Knowing what people are thinking is important in improving the product. With that in mind I did a quick Google for people mentioning Kowari. I'll use it here to correct anything too.
DeliverableS4Simile "Naive use of persistent store in Jena decreases performance by 100x:
* Part of the problem is limited expressivity in RDQL
* Look at performance tuning on databases
* Ryan: Look at the performance of more specialized RDF databases, cf. Kowari"
Open Source Projects That Use Java NIO "The storage engine of Kowari is a transactional triplestore known as the XA Triplestore. ll relevant fields of in-memory and on-disk data structures are 64 bits wide..."
Kowari for hundreds of millions of triples "Jim Hendler emailed me in response to my having mentioned on www-rdf-interest@w3c.org that I was surveying triple stores for use in data mining and machine learning. He mentioned a Java-based, non-relational, triple store called Kowari that is available in open source form..."
RDQLPlus "I discovered Kowari last week. The iTQL language is very similar to what I've come up with for RDQLPlus... having equally been inspired by SQL/DDL. Kowari looks like a nice database. I've downloaded it but haven't had a chance to play with it yet..."
Some Tools "Kowari is a layer on top of Jena with OWL reasoning, too"
I would say that Kowari is a layer beneath Jena - one that provides persistance. The OWL reasoning is really only offered at the moment through Jena. However, we will be getting some basic inferencing, at our own query layer, in there soon too.

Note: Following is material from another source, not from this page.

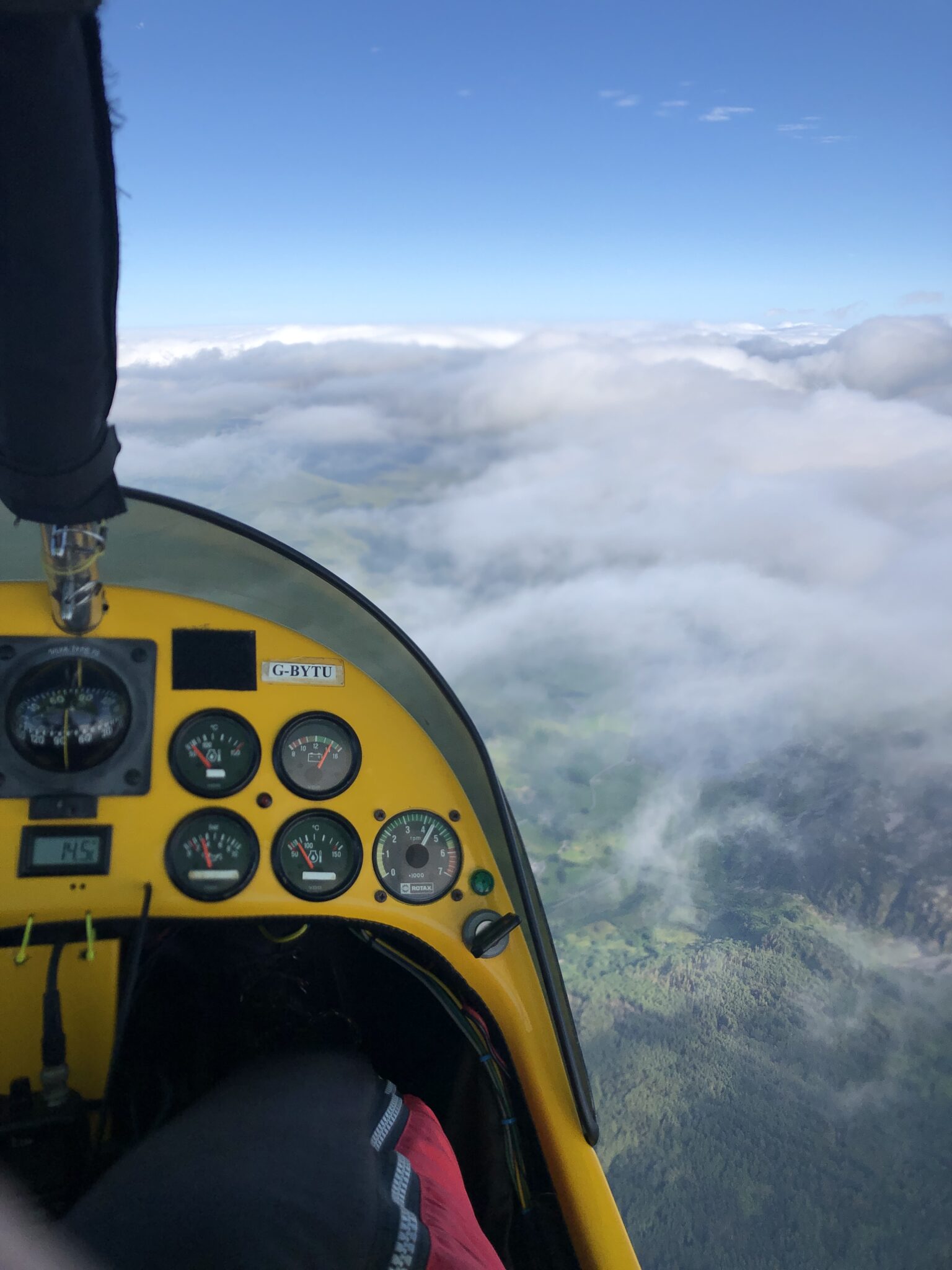 Flying above the clouds in G-BYTU
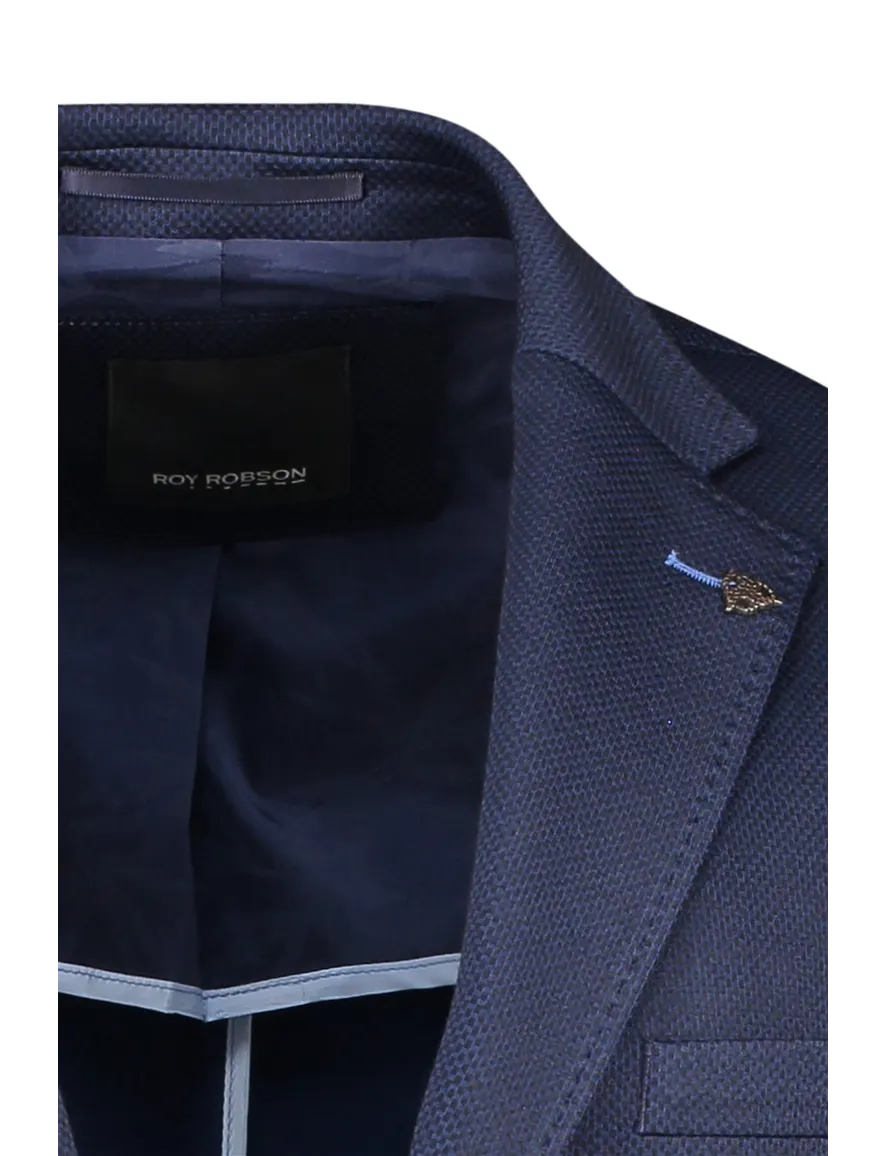colbert Roy Robson normale fit donkerblauw geruit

[protege-discussion] Re: large data sets, bulk data acquisition "I had a really bad time with Kowari earlier this year, it wouldn't compile and then pass its own self-tests...."
This is basically problems with Windows. We develop on Linux and OS X and only do QA on Windows. Our initial release had known problems under Windows - which lead to failing unit tests but was not fatal for data storage. Anyway, it is fixed now; although Windows does have some drawbacks when it comes to using NIO.